Gold will remain in narrow range in near to medium term: Quantum MF

Chirag Mehta, Senior Fund Manager-Alternative Investments, Quantum Mutual Fund, says that unless we see certain macroeconomic risks prompt the US Federal Reserve to reconsider policy normalization, gold prices may remain limited in the medium term. Huh.

Gold prices declined in September as the dollar strengthened on the back of the US Fed. A rise in US Treasury bond yields put further pressure on gold.

Globally, gold prices declined on Wednesday, trading slightly above $1,750 an ounce. With the Indian rupee depreciating in the month, gold prices in India were down around 0.4% 46,600 per 10 grams.

According to experts, despite optimism that progress in the global economic recovery continues, high inflation and declining growth still pose risks to the outlook.

After months of mixed signals, in the midst of a Covid-19 resurgence, Fed Chair Jerome Powell sounded a flurry in the Federal Reserve’s latest policy statement in September.

Powell indicated that the bar for easing pandemic-related stimulus support for the US economy, which has been in place since the outbreak of the pandemic in March 2020, could be met as early as the next meeting in November.

This was not encouraging for gold which has flourished globally due to easy monetary policies.

“On the other hand, US bond yields and the dollar appear to be supported by the move towards policy normalisation. Now, the relief to gold investors is that it will gradually decrease gradually,” Mehta wrote in a note.

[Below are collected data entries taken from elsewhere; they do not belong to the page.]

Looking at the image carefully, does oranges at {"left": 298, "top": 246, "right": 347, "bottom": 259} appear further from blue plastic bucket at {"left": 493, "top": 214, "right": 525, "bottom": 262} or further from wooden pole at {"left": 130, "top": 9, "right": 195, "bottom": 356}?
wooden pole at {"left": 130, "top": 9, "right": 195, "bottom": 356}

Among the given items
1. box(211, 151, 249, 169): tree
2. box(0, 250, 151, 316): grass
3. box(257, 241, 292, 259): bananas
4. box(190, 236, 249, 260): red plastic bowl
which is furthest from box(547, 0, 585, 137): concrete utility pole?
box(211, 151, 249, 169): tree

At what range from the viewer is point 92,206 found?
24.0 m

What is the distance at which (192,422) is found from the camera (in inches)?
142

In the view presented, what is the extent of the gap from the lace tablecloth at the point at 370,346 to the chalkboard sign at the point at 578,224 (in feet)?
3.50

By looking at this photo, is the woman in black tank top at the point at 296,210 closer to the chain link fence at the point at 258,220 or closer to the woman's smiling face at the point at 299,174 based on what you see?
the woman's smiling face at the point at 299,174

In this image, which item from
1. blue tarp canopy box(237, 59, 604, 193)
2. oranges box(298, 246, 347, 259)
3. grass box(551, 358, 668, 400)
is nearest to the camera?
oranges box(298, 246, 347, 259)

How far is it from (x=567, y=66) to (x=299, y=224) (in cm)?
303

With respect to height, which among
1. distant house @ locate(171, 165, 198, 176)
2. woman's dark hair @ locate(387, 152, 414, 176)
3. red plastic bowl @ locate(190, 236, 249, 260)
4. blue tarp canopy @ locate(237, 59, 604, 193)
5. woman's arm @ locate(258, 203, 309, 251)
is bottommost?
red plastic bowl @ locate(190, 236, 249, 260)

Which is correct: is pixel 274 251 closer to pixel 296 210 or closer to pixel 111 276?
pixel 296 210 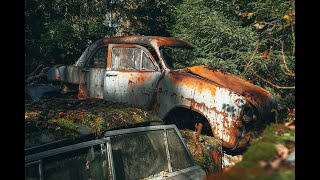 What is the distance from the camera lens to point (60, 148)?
2.45 m

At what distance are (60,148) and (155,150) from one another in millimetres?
998

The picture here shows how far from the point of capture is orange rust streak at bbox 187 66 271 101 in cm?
535

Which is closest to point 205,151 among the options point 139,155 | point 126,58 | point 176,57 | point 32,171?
point 139,155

Moreover, inflation is currently on the rise, which means that real interest rates should remain low till the end of 2022, to support gold.

According to experts, the transition from one phase of the monetary policy cycle by the Federal Reserve to another will be the main driver of global markets for a few months.

“Markets will settle down when they digest the changes and revalue assets accordingly. The bread and butter of the Fed has been the Fed’s hyper-accommodative monetary stance and it is starting to normalize, which will lead to its upward move. But In the next few quarters, its usefulness as a portfolio risk diversifier and an inflation-tending asset may emerge, limiting the downside,” Mehta said.